One of the COVID vaccines purchased by Australia is “90 per cent effective” and could begin being rolled out worldwide by the end of the year, in the most significant breakthrough in the crisis yet.
Global pharmaceutical giant Pfizer said its jab’s performance was better than expected and will soon submit data to the FDA, the US drug approval agency.
Pfizer chief executive Dr Albert Bourla declared the vaccination would “help bring an end to this global health crisis” and comes just a week after the IATA said aviation’s recovery had “hit a wall” due to a second wave of infections.
Last week, Australia announced it had purchased 10 million doses of the vaccine produced by Pfizer/BioNTech, which is one of the world’s leading candidates.

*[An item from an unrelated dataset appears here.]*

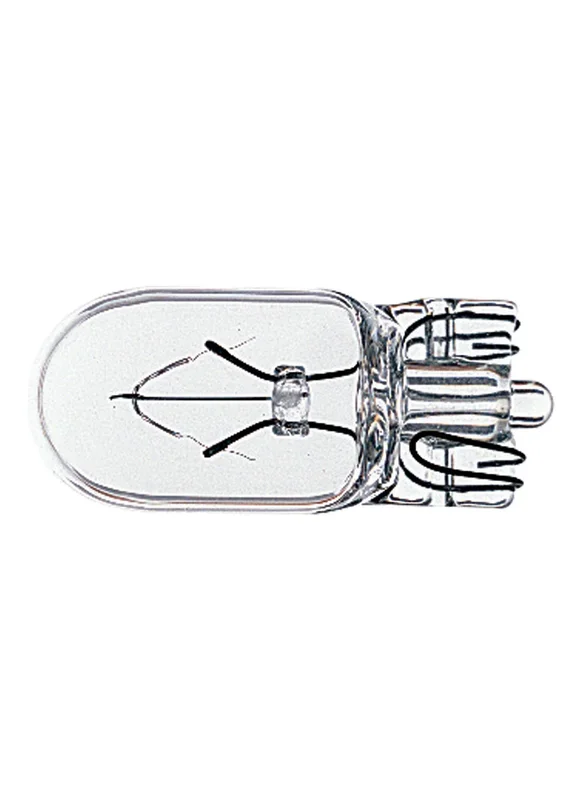 Generation Lighting – 9732 – Light Bulb – Lx Wedge Base Lamps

The country has also agreed to deals with candidates from Novavax, the University of Oxford and the University of Queensland.
Manufacturing of the Pfizer vaccine is already underway and the business said it could supply up to 50 million doses in 2020 and up to 1.3 billion in 2021.
The vaccine works by injecting people with the genetic material needed to grow the “spike protein” of SAR-CoV-2 inside their owns cells, which elicits an immune response.
Phase 3 trials – the final, mass testing vaccines must go through – began on 27 July and has so far enrolled more than 43,000 participants, most of whom took the required two doses. The trial contained a mix of people from a variety of racial and ethnically diverse backgrounds.
John Bell, Regius professor of medicine at Oxford University, which is creating a rival vaccine, said Pfizer’s effort had shown an “an amazing level of efficacy”.
“Today is a great day for science and humanity,” said Dr Bourla. “The first set of results from our phase 3 COVID-19 vaccine trial provides the initial evidence of our vaccine’s ability to prevent COVID-19.
“We are reaching this critical milestone in our vaccine development program at a time when the world needs it most with infection rates setting new records, hospitals nearing over-capacity and economies struggling to reopen.
“With today’s news, we are a significant step closer to providing people around the world with a much-needed breakthrough to help bring an end to this global health crisis. We look forward to sharing additional efficacy and safety data generated from thousands of participants in the coming weeks.”
BioNTech was founded by two married German scientists, Uğur Şahin and Özlem Türeci. It originally set out to develop new types of immunotherapy for cancer but has recently concentrated on tackling COVID-19.
COVID has been the biggest crisis Australian aviation has seen. In June, the wider Qantas group said it would cut 6,000 jobs altogether, or nearly 20 per cent of its workforce, and later revealed a further 2,500 ground handling jobs could be lost.
The drastic cuts followed the business’ full-year financial results showing a loss before tax of $2.7 billion and an underlying profit before tax of just $124 million.
The director-general of the International Air Transport Association has said aviation’s recovery has “hit a wall” after new figures revealed passenger traffic has flatlined.
“A resurgence in COVID-19 outbreaks – particularly in Europe and the US – combined with governments’ reliance on the blunt instrument of quarantine in the absence of globally aligned testing regimes, has halted momentum toward re-opening borders to travel,” said Alexandre de Juniac, IATA’s director general and CEO.
Total demand in September was still down 73 per cent from the same month last year, a minuscule improvement from being down 75 per cent from August.